Po wakacyjnej przerwie Dyskusyjny Klub Książki działający przy Kulturotece Bibice spotkał się 24 września, aby omówić zbiór reportaży „Czasy secondhand. Koniec czerwonego człowieka” autorstwa Swietłany Aleksijewicz.
Książka białoruskiej laureatki Nagrody Nobla to poruszający obraz życia mieszkańców dawnego Związku Radzieckiego, ukazany poprzez ich własne wspomnienia i opowieści. Rozmówcami Aleksijewicz są ludzie różnych pokoleń – byli funkcjonariusze partyjni, żołnierze, robotnicy, nauczyciele, a także zwykli obywatele, którzy próbowali odnaleźć się w nowej rzeczywistości po rozpadzie imperium. Autorka, znana z tworzenia „historii mówionej”, oddaje głos swoim bohaterom, rezygnując z komentarza, co sprawia, że czytelnik mierzy się bezpośrednio z ich doświadczeniami, emocjami i dramatami.

Uczestnicy naszego spotkania zgodnie uznali, że była to lektura trudna i zdecydowanie „niewakacyjna”. Postawy bohaterów, ukształtowane przez lata komunistycznej propagandy, niejednokrotnie okazywały się dla nas niezrozumiałe, a nawet nie do przyjęcia. Rozmawialiśmy o tym, jak wielki kryzys tożsamości wywołał rozpad ZSRR – zarówno wśród tych, którzy wierzyli w socjalistyczne ideały, jak i tych, którzy pokładali nadzieje w kapitalizmie, a następnie boleśnie zderzyli się z jego ciemnymi stronami.

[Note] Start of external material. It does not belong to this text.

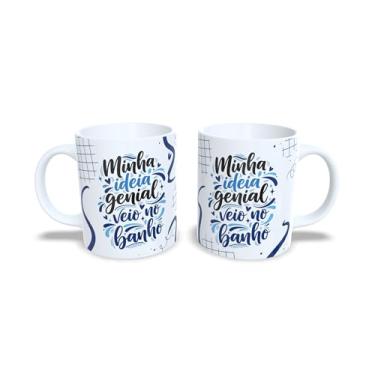 Imagem de Caneca Cerâmica com Mensagem Colorida em Arco-Íris, Branca, 325ml, Design Criativo com Frase em Português (22815)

Podczas dyskusji próbowaliśmy również uchwycić specyfikę „wschodniej duszy” – ludzi, którzy zaczytywali się w rosyjskich klasykach, żyli ideami, ale często nie potrafili odnaleźć się w codzienności, gdzie to spryt i kombinatorstwo dawały przewagę nad idealizmem. Zwróciliśmy również uwagę, że reportaże Aleksijewicz ukazują tylko wycinek społeczeństwa – głosy tych, którym się nie powiodło, pomijając tych, którzy w nowych realiach zdołali osiągnąć sukces.
Z książki tchnie pesymizm i brak nadziei na odmianę losu. Kolejne świadectwa bohaterów tworzą obraz smutny, pełen rozczarowania i poczucia bezradności. Tym razem wyjątkowo wstrzymaliśmy się od głosowania i przydzielania książce punktów, uznając, że choć „Czasy secondhand” to pozycja wartościowa i skłaniająca do refleksji, trudno ją jednoznacznie ocenić.